A study recently published in the Journal of Strength and Conditioning Research, looked at skill based games vs. instructional training in a strength and conditioning program for junior volleyball players.

Below is the abstract for your review (please email me if you would like a full copy of the text). Tomorrow I will comment on this study and talk a little bit about how we can apply this to training athletes (especially youth athletes) as a means to enhance conditioning/work capacity and hopefully prevent some of the overtraining and injuries we are seeing from year round specialization in today's youth sports programs.



If you would liek the full text or have questions/comments regarding training please shoot me an email at optimumsportsperformance@gmail.com

Do Skill-Based Conditioning Games Offer a Specific Training Stimulus for Junior Elite Volleyball Players?

Gabbett, Tim J, Journal of Strength & Conditioning Research. 22(2):509-517, March 2008.

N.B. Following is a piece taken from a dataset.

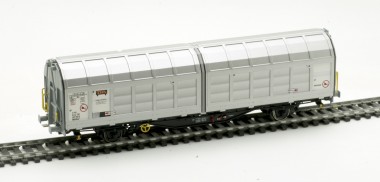 Albert Modell 245060 CD Cargo Schiebewandwagen Hbbillns Ep.6 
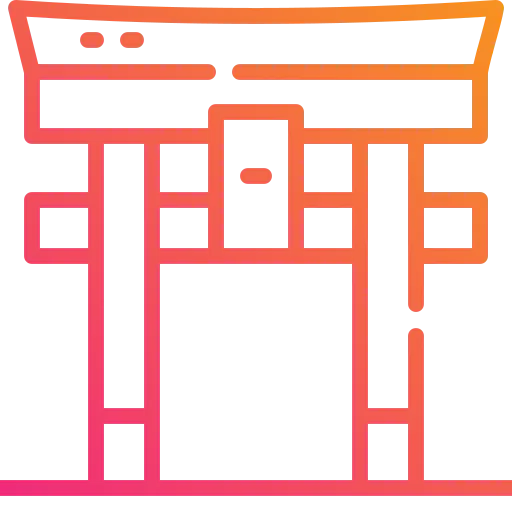 Torii gate 图标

This study investigated the specificity of skill-based conditioning games and compared the effectiveness of skill-based conditioning games and instructional training for improving physical fitness and skill in junior elite volleyball players.

Methods: Twenty-five junior volleyball players (mean age +/- SE, 15.6 +/- 0.1 years) participated in this study. Heart rate data were collected on all players during the Australian Junior Volleyball Championships. After the competition, players were randomly allocated into a skill-based conditioning games group (n = 12) or an instructional training group (n = 13). Each player participated in a 12-week training program that included 3 organized court training sessions per week.

Results: No significant differences (P > 0.05) were detected between competition and skill-based conditioning games for the percentage of time spent in low-intensity, moderate-intensity, and high-intensity activities. Skill-based conditioning games induced improvements in vertical jump, spike jump, speed, agility, upper-body muscular power, and estimated maximal aerobic power, whereas technical instruction improved only spike jump and speed. Conversely, instructional training induced meaningful improvements in all measurements of skill, whereas improvements in technical skill after skill-based conditioning games were uncommon and typically small.

Conclusions: The results of this study show that skill-based conditioning games offer a specific training stimulus to simulate the physiological demands of competition in junior elite volleyball players. Although the improvements in physical fitness after training were greater with skill-based conditioning games, instructional training resulted in greater improvements in technical skill in these athletes. These findings suggest that a combination of instructional training and skill-based conditioning games is likely to confer the greatest improvements in fitness and skill in junior elite volleyball players.